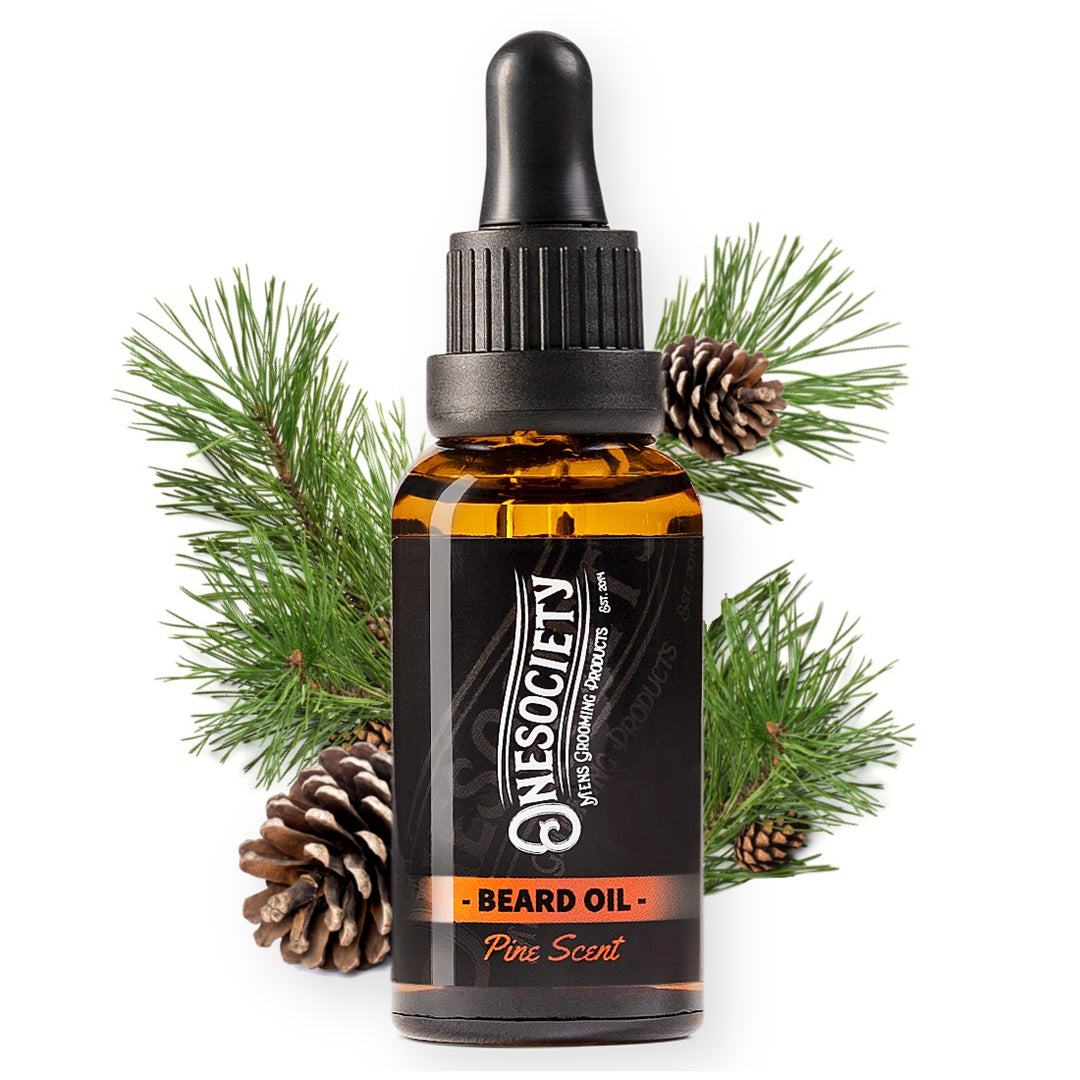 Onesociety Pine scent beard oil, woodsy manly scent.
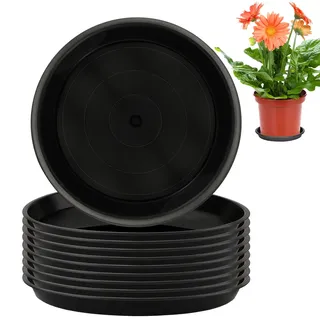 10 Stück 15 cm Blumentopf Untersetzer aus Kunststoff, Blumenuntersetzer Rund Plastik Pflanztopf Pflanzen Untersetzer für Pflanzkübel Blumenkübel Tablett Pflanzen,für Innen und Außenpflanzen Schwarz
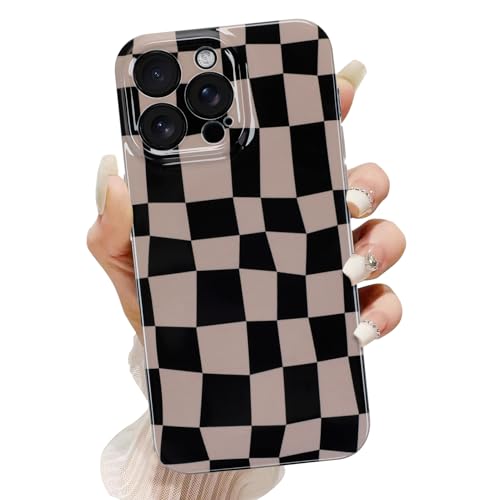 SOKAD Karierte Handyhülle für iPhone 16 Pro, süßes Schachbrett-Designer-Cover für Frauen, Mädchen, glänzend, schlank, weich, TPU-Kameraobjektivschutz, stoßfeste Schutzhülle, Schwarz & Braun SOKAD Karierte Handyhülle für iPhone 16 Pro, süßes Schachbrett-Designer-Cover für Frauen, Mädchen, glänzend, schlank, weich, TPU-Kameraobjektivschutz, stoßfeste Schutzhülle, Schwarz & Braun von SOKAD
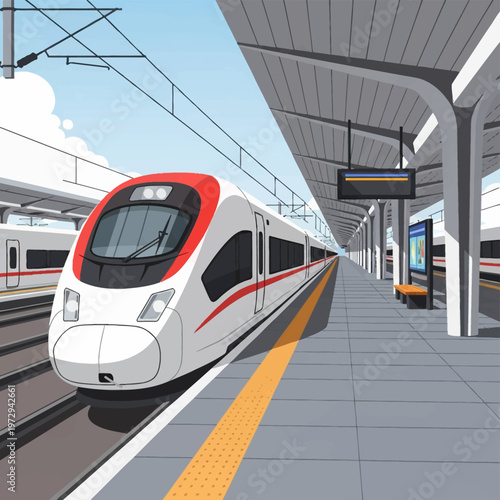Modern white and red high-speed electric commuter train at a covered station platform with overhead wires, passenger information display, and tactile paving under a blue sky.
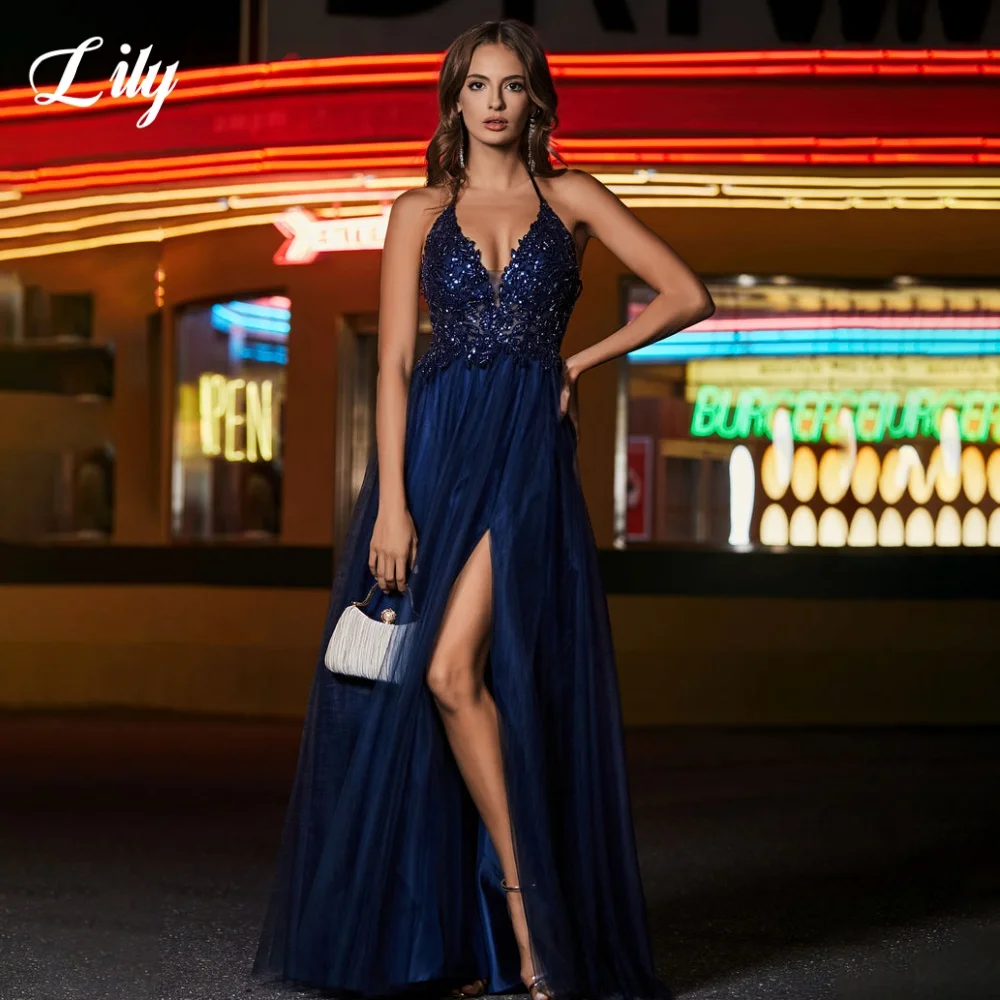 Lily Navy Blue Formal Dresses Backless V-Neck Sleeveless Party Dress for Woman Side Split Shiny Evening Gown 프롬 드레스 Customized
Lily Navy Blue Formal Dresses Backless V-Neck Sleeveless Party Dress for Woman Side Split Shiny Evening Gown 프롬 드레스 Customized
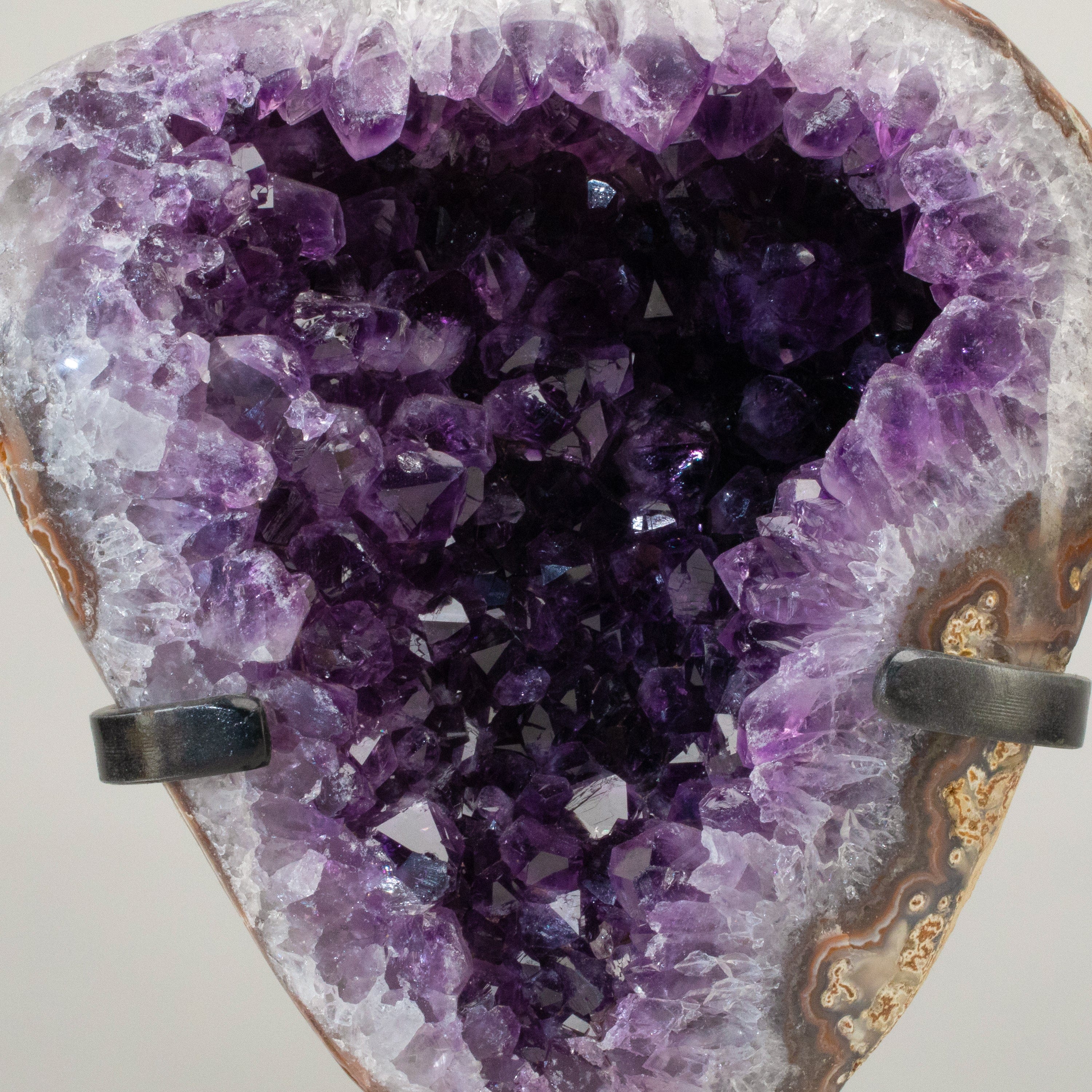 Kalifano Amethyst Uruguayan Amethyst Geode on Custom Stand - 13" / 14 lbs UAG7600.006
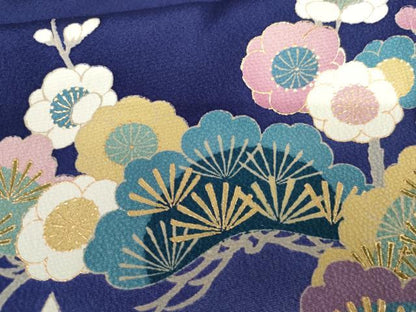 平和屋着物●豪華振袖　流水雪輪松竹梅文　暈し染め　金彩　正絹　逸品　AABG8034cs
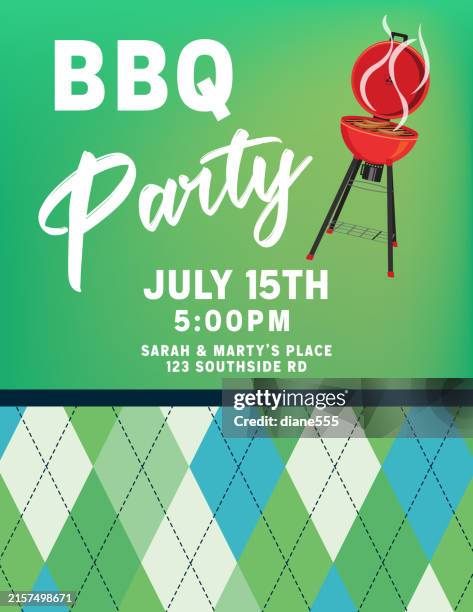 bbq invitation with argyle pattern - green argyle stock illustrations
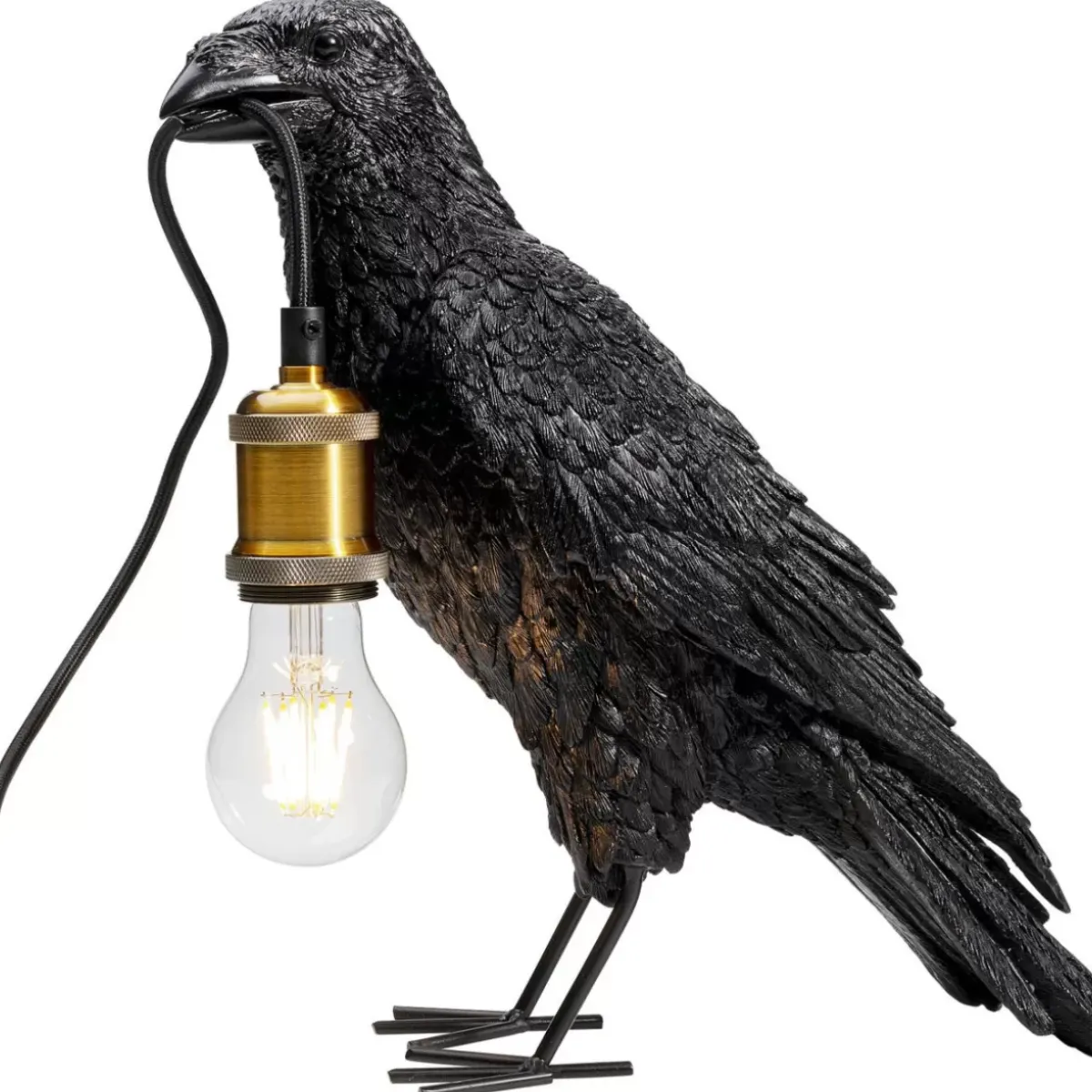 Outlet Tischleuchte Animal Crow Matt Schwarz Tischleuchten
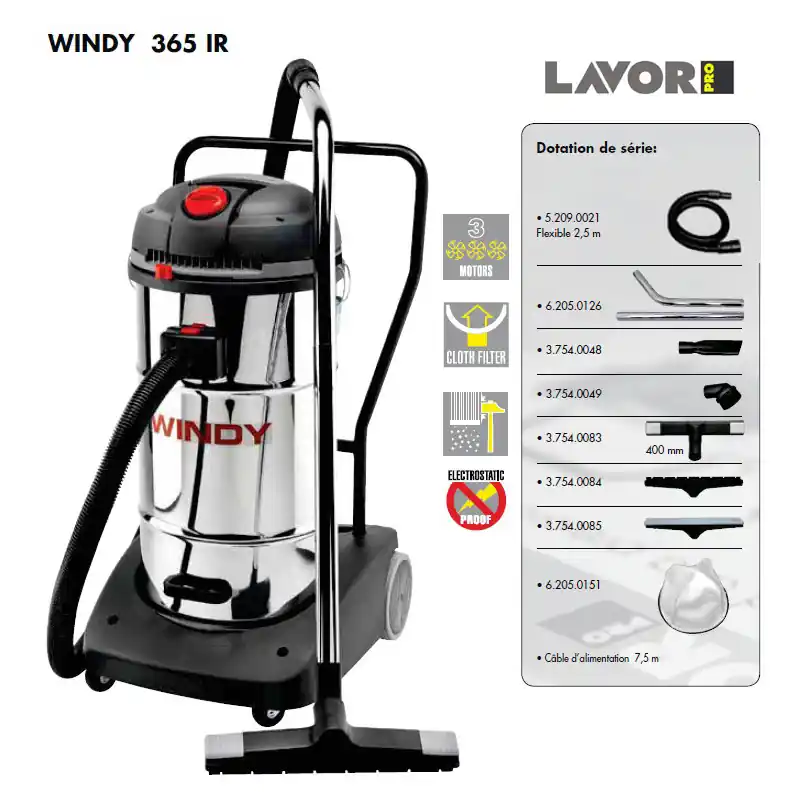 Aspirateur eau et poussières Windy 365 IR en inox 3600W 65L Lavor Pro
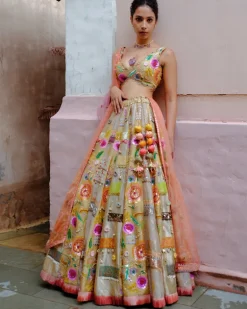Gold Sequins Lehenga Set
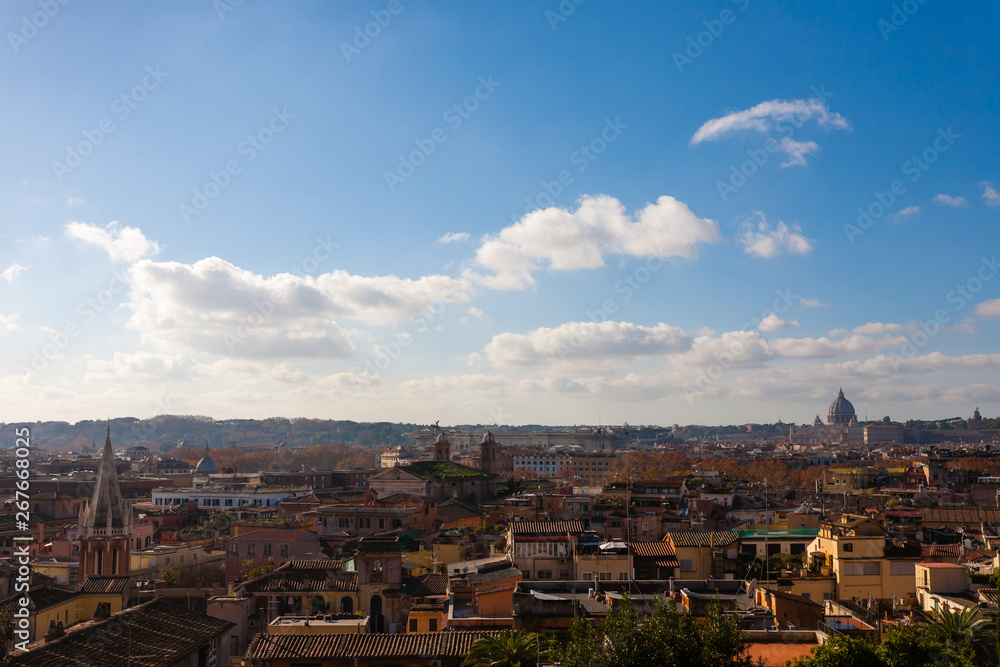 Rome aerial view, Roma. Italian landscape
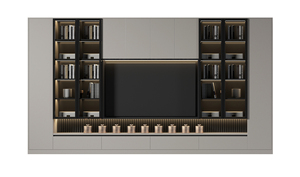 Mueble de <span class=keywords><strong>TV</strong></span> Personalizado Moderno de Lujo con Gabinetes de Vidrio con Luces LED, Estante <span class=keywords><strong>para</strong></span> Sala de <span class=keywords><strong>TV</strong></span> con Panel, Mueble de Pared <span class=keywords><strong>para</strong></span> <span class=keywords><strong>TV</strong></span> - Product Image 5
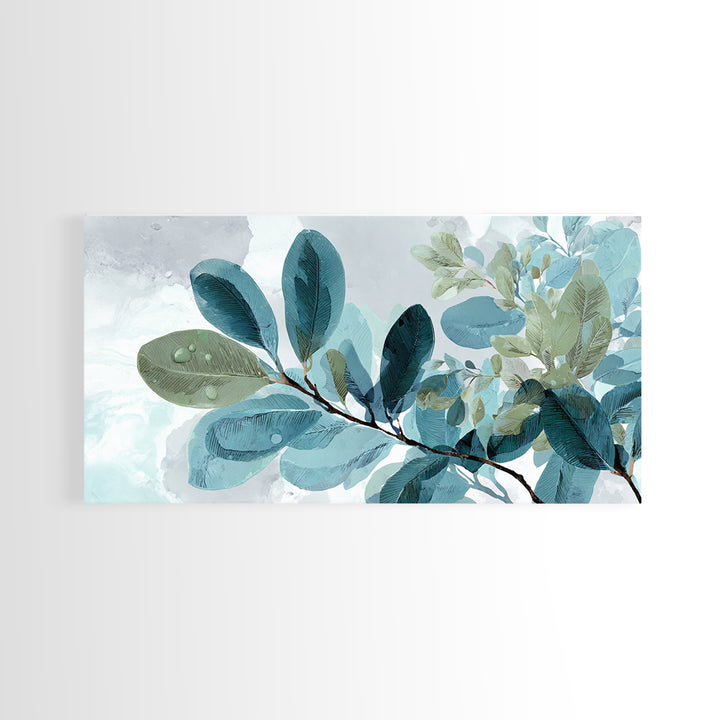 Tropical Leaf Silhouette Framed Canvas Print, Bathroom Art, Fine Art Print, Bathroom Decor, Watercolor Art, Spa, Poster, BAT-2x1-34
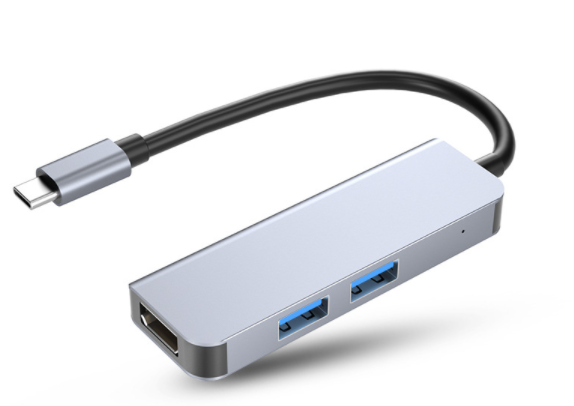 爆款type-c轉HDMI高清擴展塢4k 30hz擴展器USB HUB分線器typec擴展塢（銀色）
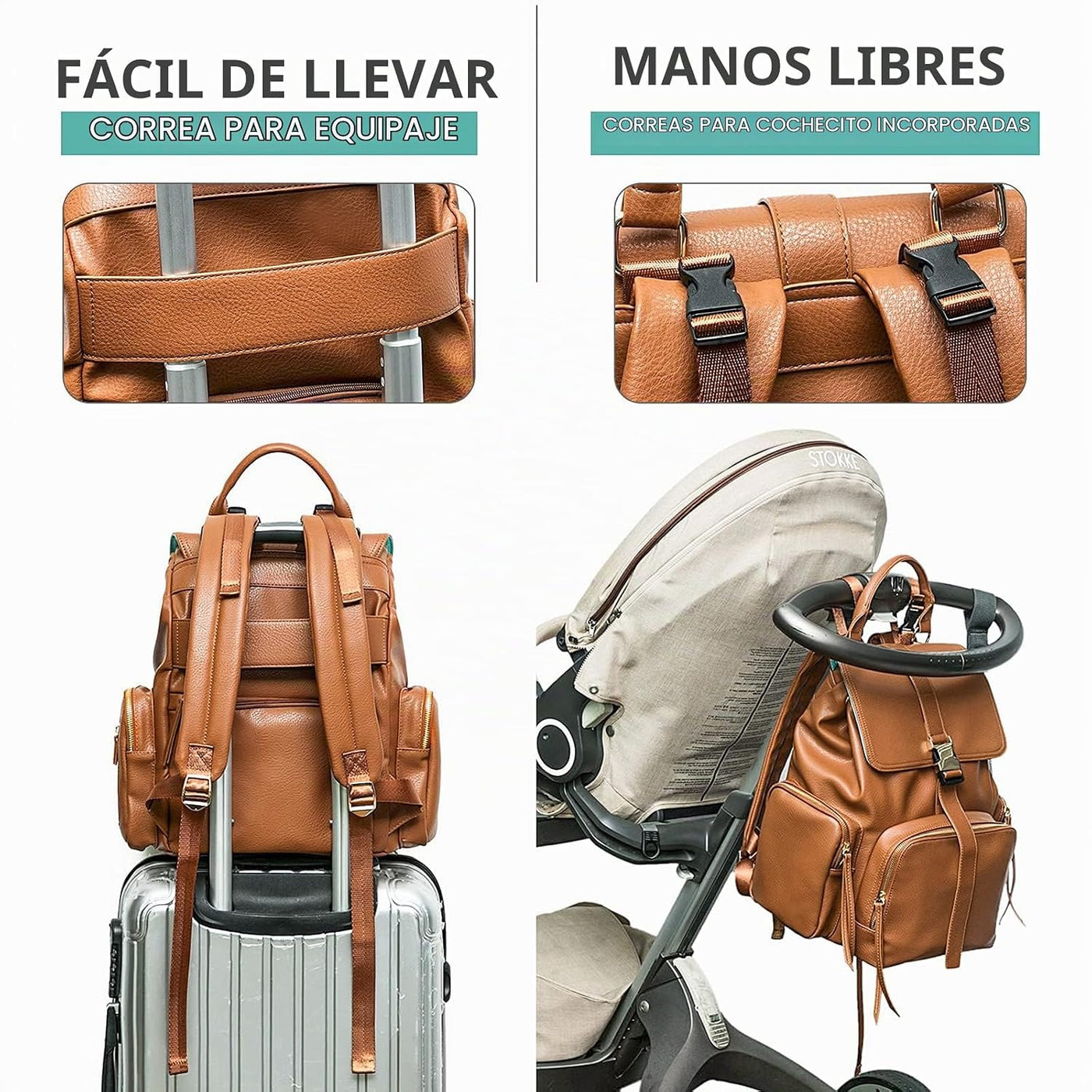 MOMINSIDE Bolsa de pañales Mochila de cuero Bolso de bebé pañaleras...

### ASSIGNMENT
From the records above, write out exactly the lines that begin at the line with "Braun von SOKAD" and end at the line with "Gold Sequins Lehenga Set". Pictures must not appear in the output.

### EXERCISE RESPONSE
 SOKAD Karierte Handyhülle für iPhone 16 Pro, süßes Schachbrett-Designer-Cover für Frauen, Mädchen, glänzend, schlank, weich, TPU-Kameraobjektivschutz, stoßfeste Schutzhülle, Schwarz & Braun SOKAD Karierte Handyhülle für iPhone 16 Pro, süßes Schachbrett-Designer-Cover für Frauen, Mädchen, glänzend, schlank, weich, TPU-Kameraobjektivschutz, stoßfeste Schutzhülle, Schwarz & Braun von SOKAD
Modern white and red high-speed electric commuter train at a covered station platform with overhead wires, passenger information display, and tactile paving under a blue sky.
 Lily Navy Blue Formal Dresses Backless V-Neck Sleeveless Party Dress for Woman Side Split Shiny Evening Gown 프롬 드레스 Customized
Lily Navy Blue Formal Dresses Backless V-Neck Sleeveless Party Dress for Woman Side Split Shiny Evening Gown 프롬 드레스 Customized
 Kalifano Amethyst Uruguayan Amethyst Geode on Custom Stand - 13" / 14 lbs UAG7600.006
 平和屋着物●豪華振袖　流水雪輪松竹梅文　暈し染め　金彩　正絹　逸品　AABG8034cs
 bbq invitation with argyle pattern - green argyle stock illustrations
 Outlet Tischleuchte Animal Crow Matt Schwarz Tischleuchten
 Aspirateur eau et poussières Windy 365 IR en inox 3600W 65L Lavor Pro
Gold Sequins Lehenga Set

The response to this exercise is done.